**WHAT THE EXERCISE ASKS:** In the entries that follow, how many lines contain "Ralph"? Please reply with only the number.

Data items:

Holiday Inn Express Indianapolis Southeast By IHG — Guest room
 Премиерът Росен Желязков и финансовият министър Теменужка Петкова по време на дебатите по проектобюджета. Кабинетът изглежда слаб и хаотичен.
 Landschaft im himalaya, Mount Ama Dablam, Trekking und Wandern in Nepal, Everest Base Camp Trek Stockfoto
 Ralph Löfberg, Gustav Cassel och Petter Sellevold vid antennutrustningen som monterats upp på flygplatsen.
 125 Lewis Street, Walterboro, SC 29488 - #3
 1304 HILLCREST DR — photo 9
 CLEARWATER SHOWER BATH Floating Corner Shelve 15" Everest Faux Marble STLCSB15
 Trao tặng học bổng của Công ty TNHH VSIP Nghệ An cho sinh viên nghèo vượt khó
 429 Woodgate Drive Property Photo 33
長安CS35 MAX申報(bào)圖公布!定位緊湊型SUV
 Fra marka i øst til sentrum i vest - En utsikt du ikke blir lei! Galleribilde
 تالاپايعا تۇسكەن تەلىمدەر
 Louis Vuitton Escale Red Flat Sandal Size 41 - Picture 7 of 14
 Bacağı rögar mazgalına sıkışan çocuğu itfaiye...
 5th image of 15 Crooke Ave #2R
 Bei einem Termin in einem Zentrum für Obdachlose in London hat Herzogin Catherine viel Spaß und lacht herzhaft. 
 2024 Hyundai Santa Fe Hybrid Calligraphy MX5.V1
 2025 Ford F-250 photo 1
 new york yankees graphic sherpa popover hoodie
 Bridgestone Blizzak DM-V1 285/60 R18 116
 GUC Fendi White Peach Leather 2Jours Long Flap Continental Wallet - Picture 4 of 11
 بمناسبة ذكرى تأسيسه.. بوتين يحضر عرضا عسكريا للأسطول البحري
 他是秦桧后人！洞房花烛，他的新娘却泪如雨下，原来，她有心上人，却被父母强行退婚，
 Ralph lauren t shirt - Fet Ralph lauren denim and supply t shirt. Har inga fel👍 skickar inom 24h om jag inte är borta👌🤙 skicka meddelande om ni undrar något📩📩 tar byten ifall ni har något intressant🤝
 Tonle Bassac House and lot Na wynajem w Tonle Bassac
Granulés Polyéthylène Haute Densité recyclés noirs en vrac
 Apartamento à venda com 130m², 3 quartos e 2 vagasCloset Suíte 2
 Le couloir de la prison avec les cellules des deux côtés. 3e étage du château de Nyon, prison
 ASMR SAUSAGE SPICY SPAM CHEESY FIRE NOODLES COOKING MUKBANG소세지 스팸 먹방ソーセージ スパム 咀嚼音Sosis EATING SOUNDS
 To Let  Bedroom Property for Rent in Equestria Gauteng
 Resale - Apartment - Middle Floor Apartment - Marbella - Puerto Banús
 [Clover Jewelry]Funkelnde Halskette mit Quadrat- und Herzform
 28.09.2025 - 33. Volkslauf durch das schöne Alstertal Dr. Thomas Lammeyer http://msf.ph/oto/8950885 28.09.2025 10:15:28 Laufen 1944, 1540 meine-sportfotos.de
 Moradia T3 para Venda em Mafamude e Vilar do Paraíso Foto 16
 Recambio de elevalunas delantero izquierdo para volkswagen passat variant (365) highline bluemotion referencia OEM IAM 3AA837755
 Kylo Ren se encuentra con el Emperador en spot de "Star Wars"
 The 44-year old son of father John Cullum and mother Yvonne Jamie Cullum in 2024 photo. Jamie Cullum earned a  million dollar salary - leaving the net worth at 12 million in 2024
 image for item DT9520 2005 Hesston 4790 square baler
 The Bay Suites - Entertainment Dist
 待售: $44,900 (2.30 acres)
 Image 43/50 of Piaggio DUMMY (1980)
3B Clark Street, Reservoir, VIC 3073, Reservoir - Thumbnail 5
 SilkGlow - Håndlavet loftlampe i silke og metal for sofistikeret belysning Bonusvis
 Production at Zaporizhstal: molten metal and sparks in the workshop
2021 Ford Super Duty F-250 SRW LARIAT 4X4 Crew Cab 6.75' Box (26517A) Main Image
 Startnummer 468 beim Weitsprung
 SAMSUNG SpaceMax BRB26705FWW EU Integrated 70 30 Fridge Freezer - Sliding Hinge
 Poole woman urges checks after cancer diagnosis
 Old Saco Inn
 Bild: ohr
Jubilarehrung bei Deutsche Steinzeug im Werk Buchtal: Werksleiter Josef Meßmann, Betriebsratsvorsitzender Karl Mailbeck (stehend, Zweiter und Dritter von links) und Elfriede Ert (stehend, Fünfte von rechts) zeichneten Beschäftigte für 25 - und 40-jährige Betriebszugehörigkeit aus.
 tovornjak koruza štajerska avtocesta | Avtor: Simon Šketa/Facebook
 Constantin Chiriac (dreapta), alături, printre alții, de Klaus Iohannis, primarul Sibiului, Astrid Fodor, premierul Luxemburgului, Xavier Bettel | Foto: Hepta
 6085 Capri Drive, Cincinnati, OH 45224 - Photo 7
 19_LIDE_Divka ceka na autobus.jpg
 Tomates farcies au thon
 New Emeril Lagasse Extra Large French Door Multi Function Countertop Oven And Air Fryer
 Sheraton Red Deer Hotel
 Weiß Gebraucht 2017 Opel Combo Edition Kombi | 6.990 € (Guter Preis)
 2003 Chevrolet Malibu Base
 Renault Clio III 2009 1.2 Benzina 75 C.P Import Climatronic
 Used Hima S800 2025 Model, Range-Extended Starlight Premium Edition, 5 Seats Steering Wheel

**WRITTEN ANSWER:** 2